IGLULIK – A priest facing six 30-year-old sex-related charges stemming from his time in Iglulik turned himself in to Belgian police last week.

NNSL photo/graphic

Eric dejaeger: Priest arrested in Belgium and charged with sex-related crimes in Iglulik.

Eric Dejaeger, 63, was a priest in Iglulik in the late ’70s and early ’80s. He is facing three counts each of buggery and indecent assault for incidents alleged to have occurred between Sept. 26, 1978 and Aug. 9, 1982 at or near the hamlet of Iglulik, according to his arrest warrant issued April 22, 2002.

The warrant was issued as Dejaeger was out of the country when charged, having not even made his first court appearance, said Barry McLaren, the chief federal prosecutor for Nunavut. He added some of the complainants were minors at the time of the alleged offences.

“We still have an open file on him and it’s an open case,” he said.

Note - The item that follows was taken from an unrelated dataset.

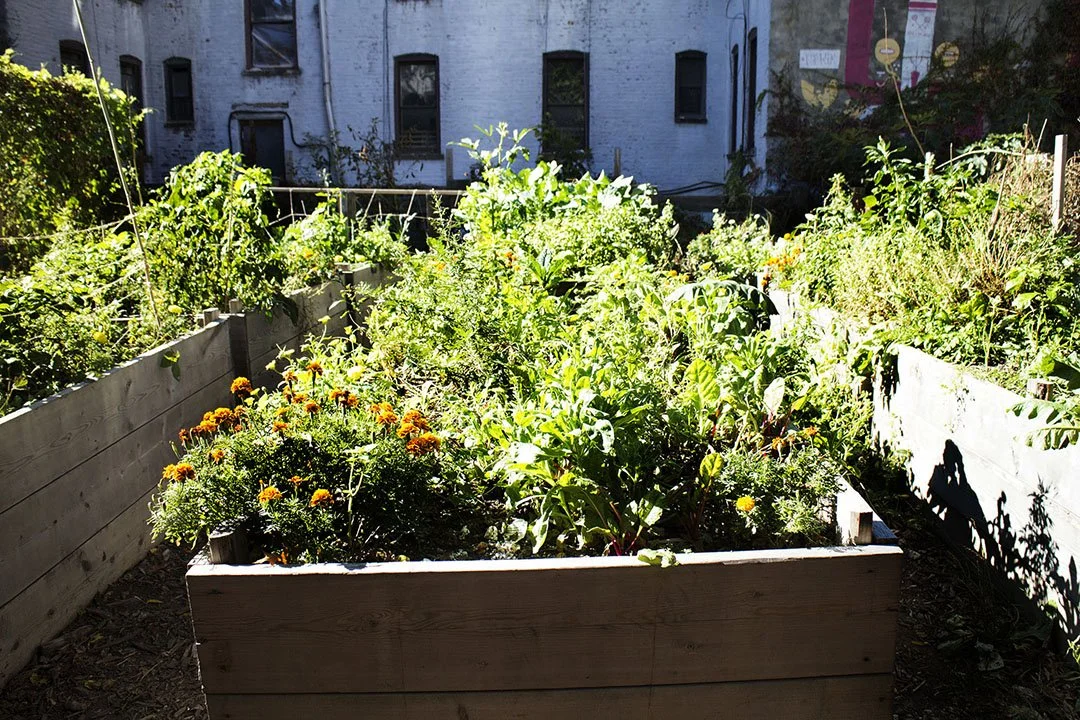 Urban garden with various green leafy plants and orange flowers, surrounded by wooden raised garden beds.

The federal justice department has not yet filed an extradition request to bring Dejaeger to Canada to face the charges.

“There are discussions going on between the department of justice and the Belgium authorities about whether extradition is a possibility,” said McLaren.

Iqaluit RCMP Sgt. Jimmy Akavak said the Nunavut Crown’s office, the territorial and federal departments of Justice and Belgian authorities are working together to try to extradite Dejaeger back to Canada.

“It will be up to Canada and Belgium to decide, at the end of the day. There are court cases to be dealt with in Canada, here in the North and that’s the ultimate plan,” Akavak said.

“That’s a step forward, in a way. At least authorities know where he is. I am sure Belgium police are keeping an eye on where he is. At least that’s a beginning.”

Father Tony Krotki, the Catholic priest who has been at St. Stephen’s Church in Iglulik for the past nine years, said he had heard of the allegations against Dejaeger when he came to do his ministry in the community.

Krotki said he believed when he began serving in Iglulik it might be difficult for him as perhaps he would remind the community of Dejaeger.

“I see those people (the complainants) in the church, some of them very often. So that means that they have been able to bring closure and forgiveness. Some others might not,” he said.

Since the news broke of Dejaeger’s contact with Belgian police, Krotki said he has not heard any comments.

“Not one of them has been talking to me about it, ever,” he said of the complainants. “I don’t know what to really think about it, unless they will come and express their thoughts on it or their feelings.”

No one has spoken to the hamlet office regarding this issue, said Celestino Uyarak, the acting senior administrative officer.

“To this day, this office has not received any comments or complaints,” he said. “But the community is just starting to find out about the story and I am sure someone is not too happy about this.”